In a recent article, I endorsed the long-standing “rule” that a spec script should never be more than 120 pages in length, a position that a number of my readers -- who I assume are spec-script writers that have had their overlong pieces rejected -- took exception to. As objectors to this rule often do, they cited a number of wonderful films that run longer than two hours and so, given the old rule of thumb that one page of script equals one minute of script time (which is, by the way, pretty darn accurate), must have had screenplays longer than 120 pages: The Godfather, Pulp Fiction, The Dark Knight, etc. My readers are correct -- these are all great movies with screenplays much longer than the accepted norm.
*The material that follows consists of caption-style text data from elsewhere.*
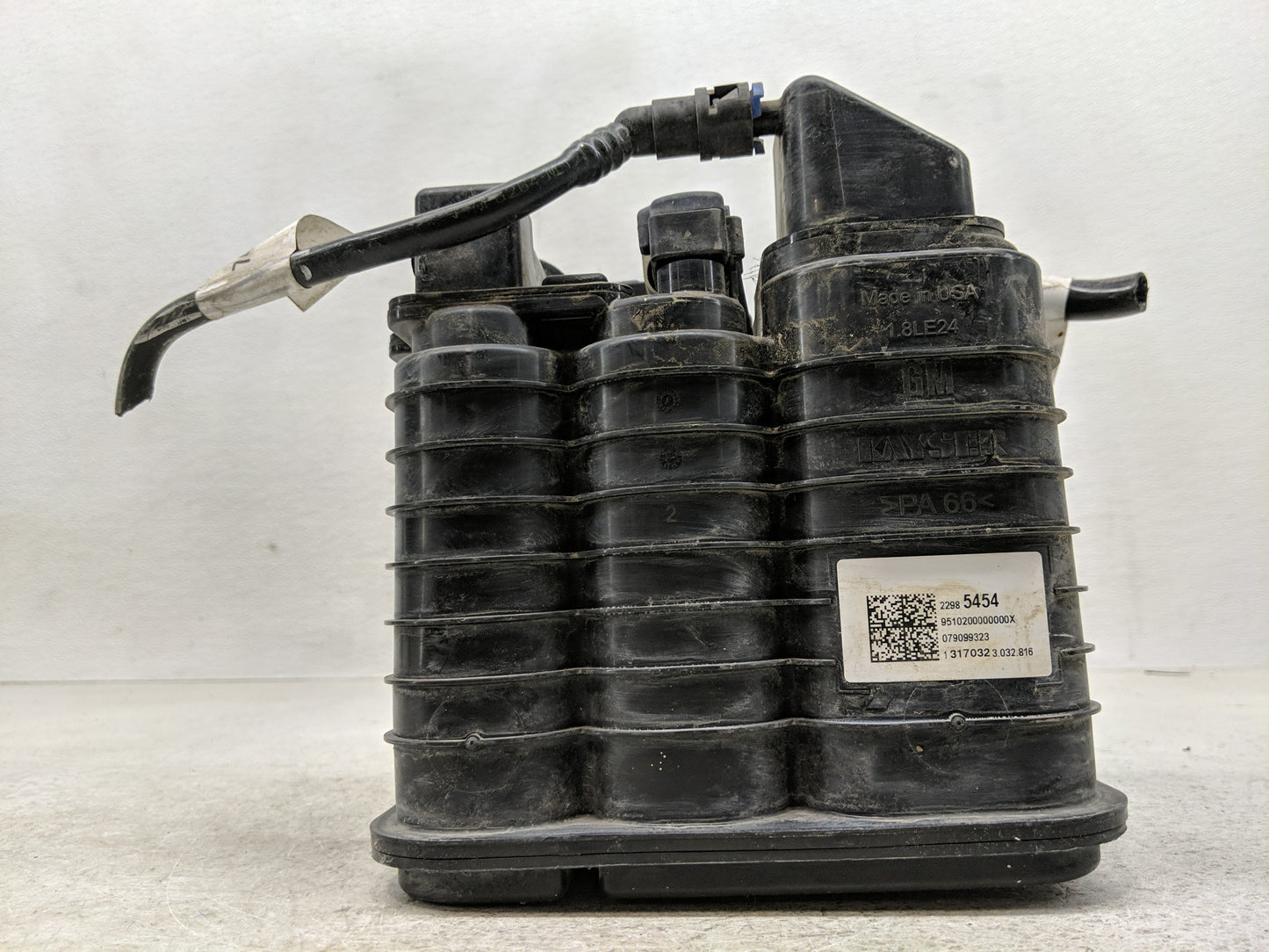 2017 Chevrolet Malibu Fuel Vapor Charcoal Canister 1261264 - Oemusedautoparts1.com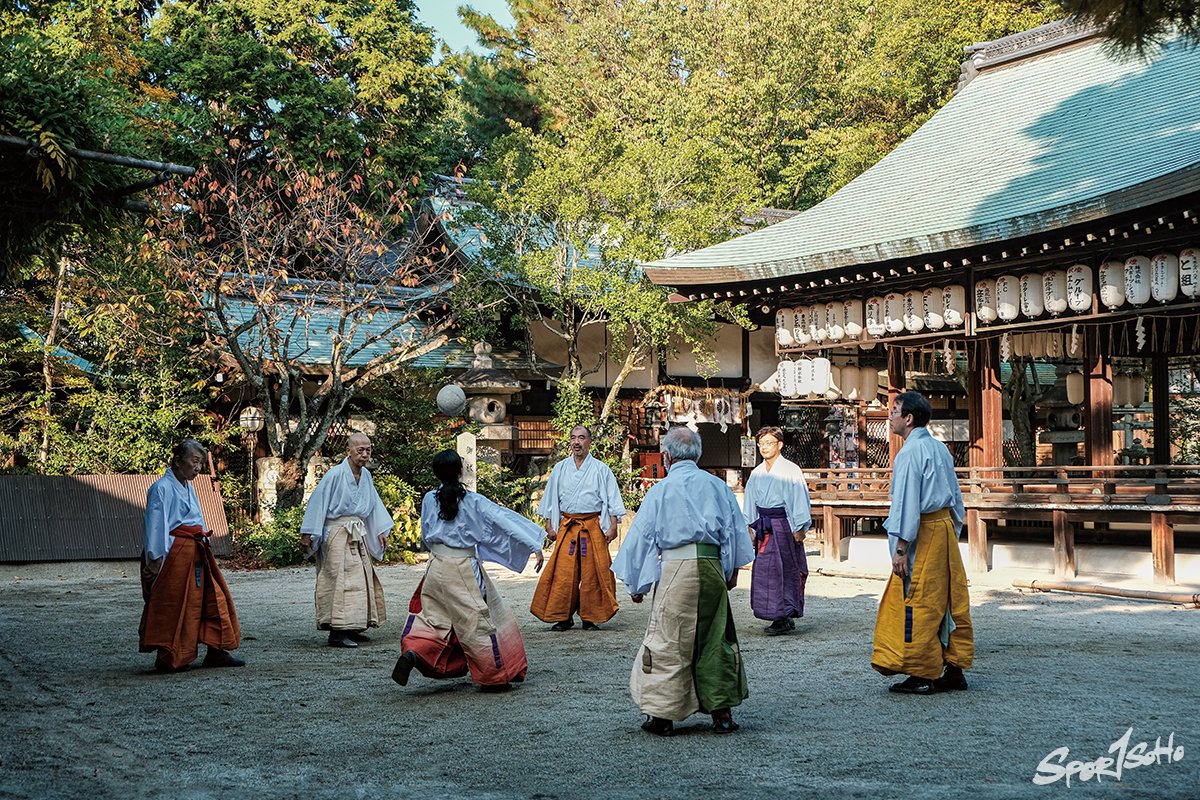 白峯神宮內的蹴鞠之庭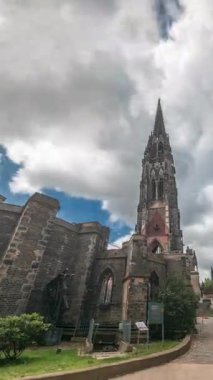 Ehemalige Hauptkirche St. Nikolai zaman atlaması hipervanesine, Hamburg, Almanya 'da yanan Aziz Nicholas Kilisesi' nin çan kulesine bakış açısına bakıyorum. İkonik neogotik anıt sitesi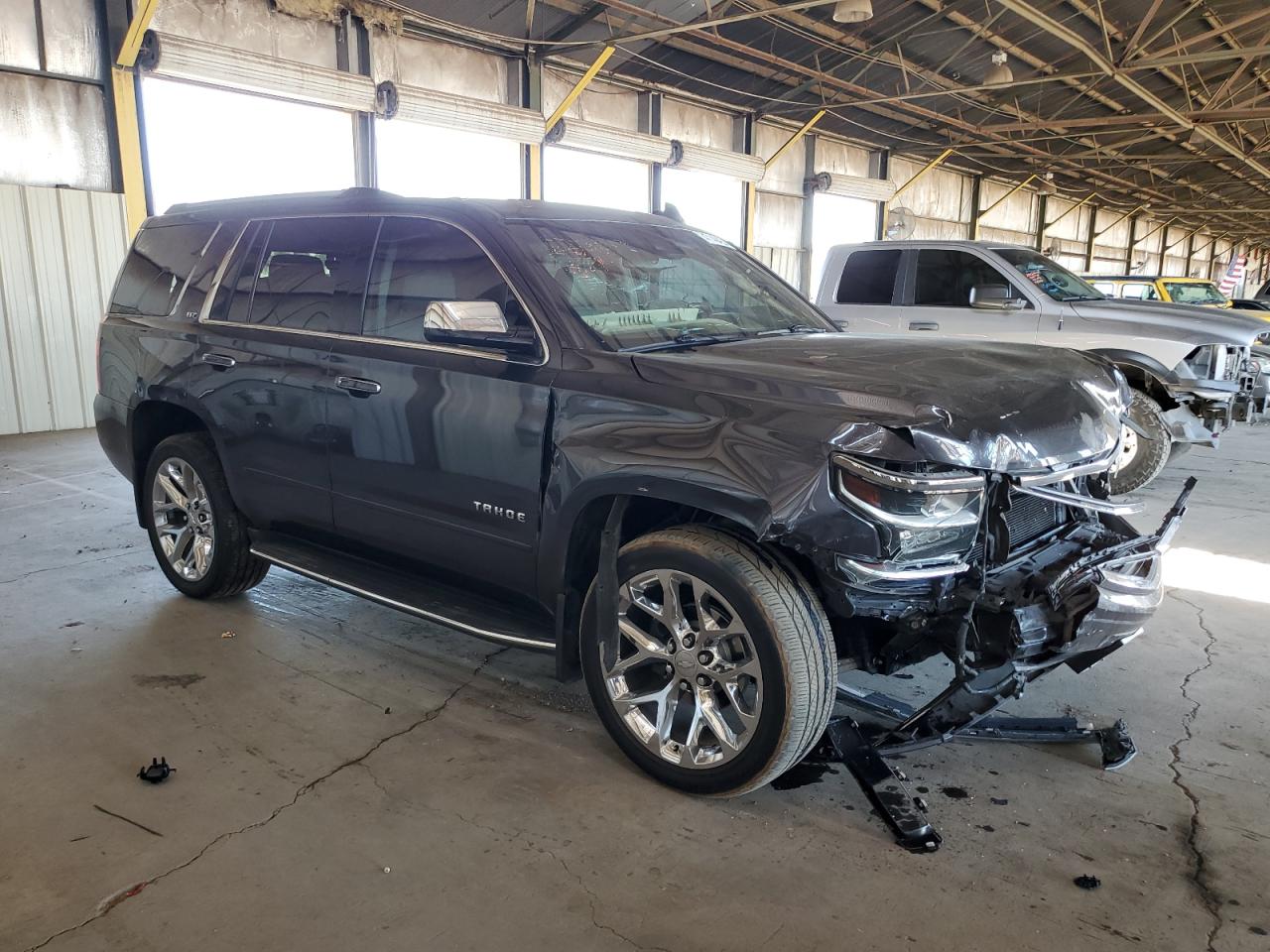 2016 Chevrolet Tahoe VIN 1GNSKCKC5GR289742 Copart auction photo, frame damage / front end damage thumbnail 4
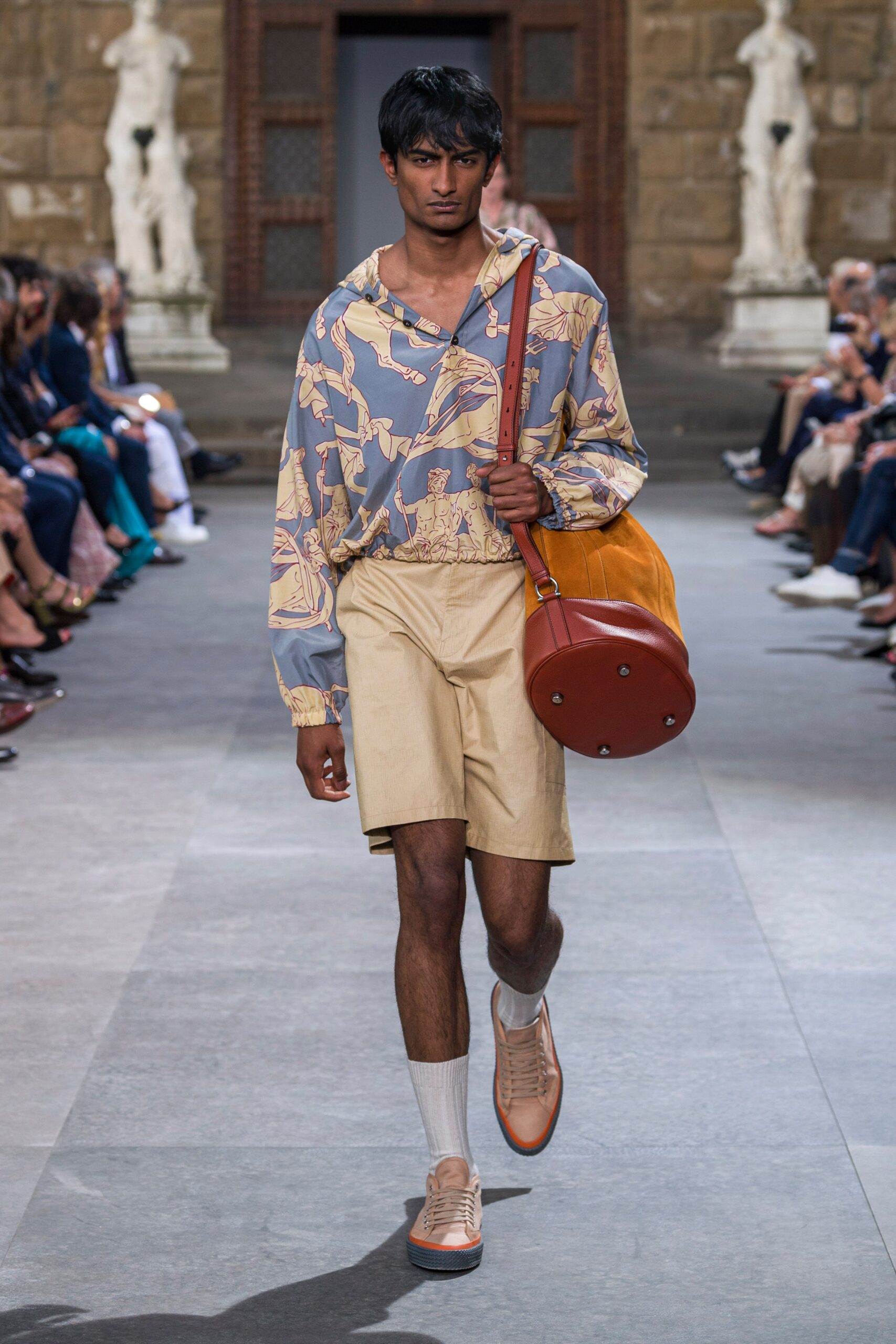 Ferragamo S/S 20 Menswear Look 54
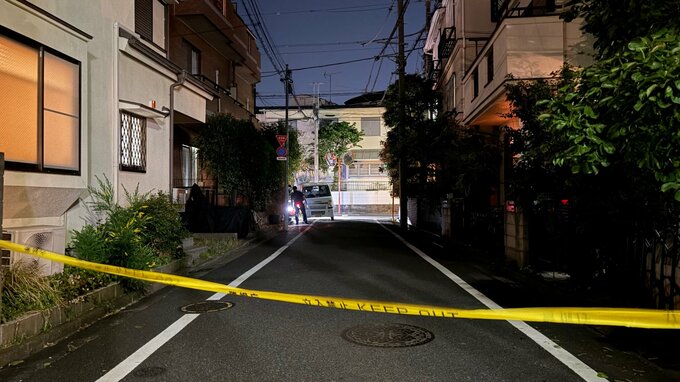 追跡中のパトカーに衝突 軽トラック運転の男（20）を公務執行妨害疑いで現行犯逮捕 男の確保時に警察官が拳銃を1回発砲 発砲によるけが人なし 警視庁|TBS NEWS DIG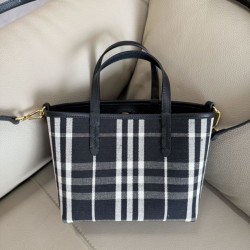 Borse tote Burberry Mini Reversible Bloomsbury Check nera/Blu Borse tote Burberry Mini Reversible Bloomsbury Check nera/Blu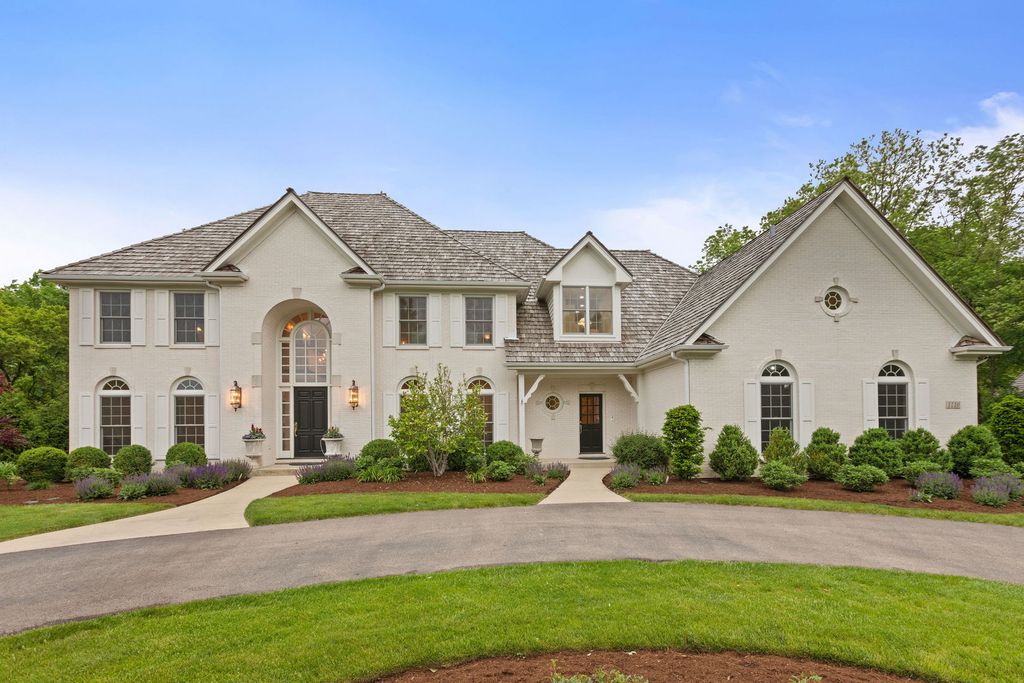 1110 Fox Glen Drive, St. Charles, IL 60174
However, they have overlooked one very important point -- none of these films began life as a spec.
Movies begin their journeys to the screen in a number of different ways -- as spec scripts from outside writers, as adaptations of best-selling material from other media (books, plays, comics, old TV shows) to which a studio or producer has acquired the rights, or as properties developed by talent (actors and directors) as projects for themselves. If a project begins life in one of the latter two ways, then the script “rules” tend to be loosened. If it takes three hours to tell the story of a particular best-selling novel, then a studio will let both the script and the film run that long (if doing so will make the film a gigantic hit). And if a highly sought-after star’s or director’s pet project runs long, the studio will allow it to run long in direct proportion to how much that particular talent’s name is worth at the box office. But when it comes to original pieces of material, the rules tend to be adhered to pretty strictly (at least in the initial evaluation stage). Besides the usual concerns about budgets (the cost of a film rises exponentially the longer it runs) and the desire to make movies as short a possible (so that they can be screened as many times a day as possible), there is another and I think extremely legitimate reason for this.
A spec script is an original story conceived directly for the screen. To attempt one, a writer needs to have a firm understanding of the parameters of cinematic storytelling. For many reasons, both creative and practical, it is generally accepted that the running time of the average commercial narrative film should be somewhere between 90 and 120 minutes, so a screenwriter needs to figure out how to tell his/her story in that amount of time. The existence of the thousands and thousands of feature films made over the past 90 years proves it is possible to do so, and numerous paradigms and guidelines have emerged that, if followed, can help a writer get the job done. So when anyone involved in motion picture story development picks up a script that runs longer than 120 pages, he or she is going to assume that the writer couldn’t get the job done and that the script is either going to be poorly structured or contain lots of extraneous material -- or both. And 99 times out of 100, that development professional is going to be right.
Now, you may indeed have a story that truly justifies a page-length longer than 120 pages and if you do, then the reader will recognize this and is not going to penalize you for running long -- after all, a great story is a great story. But just make sure that you aren’t fooling yourself, because I warn you that in all of the years that I have been reading and analyzing specs, I have only once come across one that ran longer than 120 pages and deserved to. The rest all needed to be seriously restructured or else have 10 or 15 pages chopped out of them.
Ultimately I think the lesson here is that you have to be as ruthless in editing and streamlining your work as you possibly can be, because if you don’t, someone else will be. The difference is that if you do it, you’ll end up with a leaner, tighter, and probably better script. If someone else does it, all you’ll end up with is a PASS. As my old high school English teacher, Sister Catherine, always used to say: “Brevity is a virtue.” And, as she also used to say: “Listen to Sister Catherine.”